Le sauveur de Sharko déculotté

"Au mois de juillet (mois du décès de Pierre Van Braekel, ndlr), j'étais très fort dans mes souvenirs. J'en ai plein. Plein aussi qui ne sont pas spécialement rattachés à la musique", s'émeut David Bartholomé. "J'en ai un lié à un concert à Londres. Pierre était venu avec nous parce qu'il y avait des prospects pour des tourneurs anglais qui venaient au concert. À cette époque-là, je faisais une espèce de strip-tease un peu rock'n'roll où je me retrouvais en slip. Pendant que je chantais, pendant le strip-tease, j'ai jeté mon pantalon. Un gars l'a pris et est parti du club où on jouait", conte Sharko. Comme il n'avait qu'un seul pantalon, le pitre en petite tenue songeait déjà à la fin de soirée difficile et au retour impossible en Shuttle du lendemain matin. Pierre étant près de la scène, le chanteur l'a missionné pour courir récupérer le vêtement. "Pierre est parti hors du club, je ne l'ai pas vu pendant un long moment. Puis, à la fin du concert, je le revois. Et je savais qu'il n'était pas très bon pour parler anglais. Un très bon néerlandais, oui, mais pas l'anglais. Je me suis demandé : 'Mais comment a-t-il fait pour lui expliquer et récupérer mon pantalon ?' Pierre m'a dit qu'il courait dans la rue et qu'il a crié : 'The jeans of my singer !' Ça m'a fait rire", s'amuse David.

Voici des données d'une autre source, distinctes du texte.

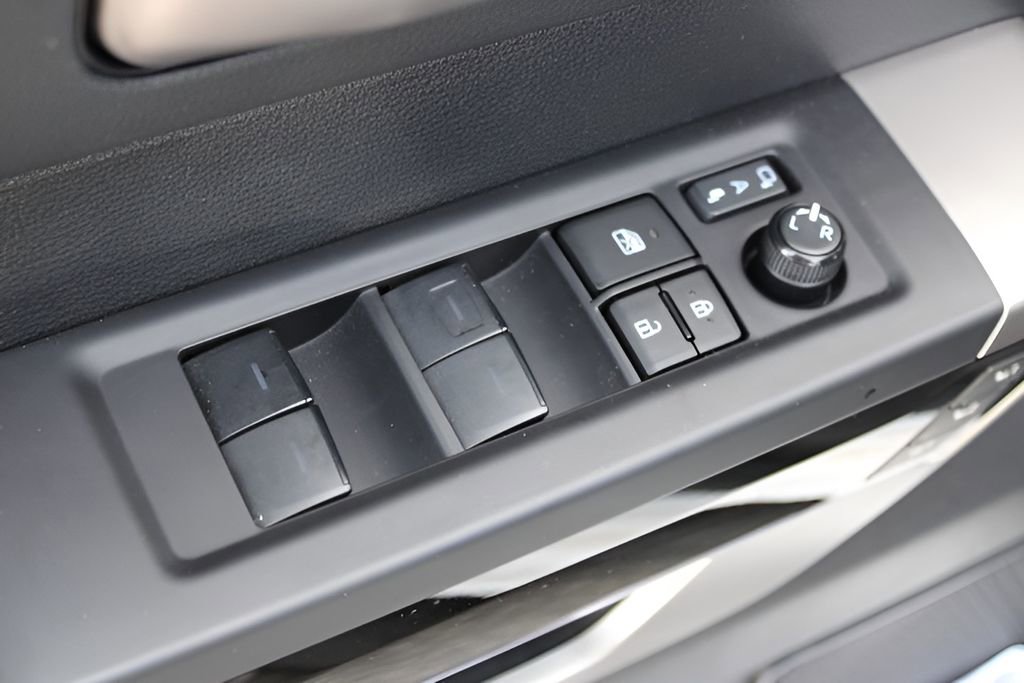 Used 2024 Toyota Tundra Limited AWD/4WD image 17
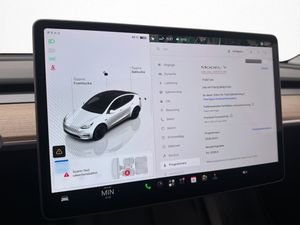 Tesla Model Y bild 28
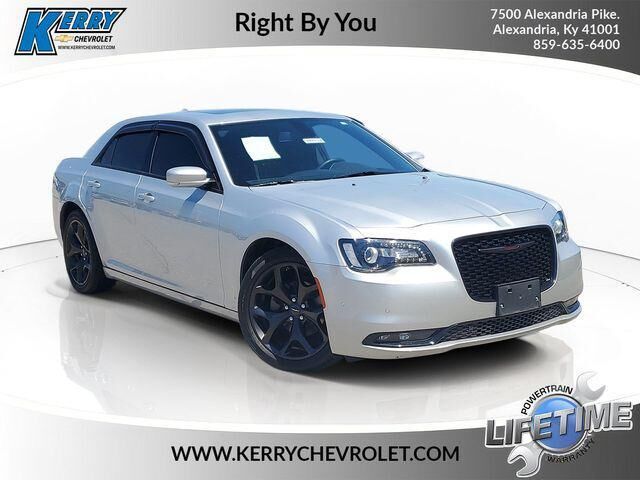 2022 Chrysler 300 S V6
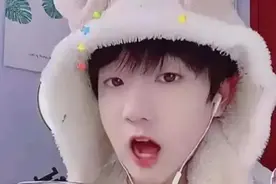 吃个桃桃被封，现又穿女装复出图片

Une vision qui avait changé

Selon Antoine Wielemans, la vision et le fonctionnement de Pierre Van Braekel ont été bousculés par la pandémie de Covid et la mise à l'arrêt des concerts. "Il m'a dit qu'il n'avait plus envie d'essayer de signer absolument le gros 'next big thing'. En fait, il avait un âge où il pensait que son but, c'était de trouver des artistes qui le touchaient vraiment. Juste trouver un truc qui l'intéressait fondamentalement, puis d'œuvrer au développement. Accompagner quelqu'un dans tous les aspects, à partir du point zéro, comme il a fait avec nous, quelqu'un qui a juste enregistré quatre chansons dans sa chambre et qui n'a encore conscience de rien. Même à très petite échelle. Trouver des gens qui pourraient profiter de ses services d'accompagnement et de développement. Retourner à quelque chose de simple et local", dévoile son poulain.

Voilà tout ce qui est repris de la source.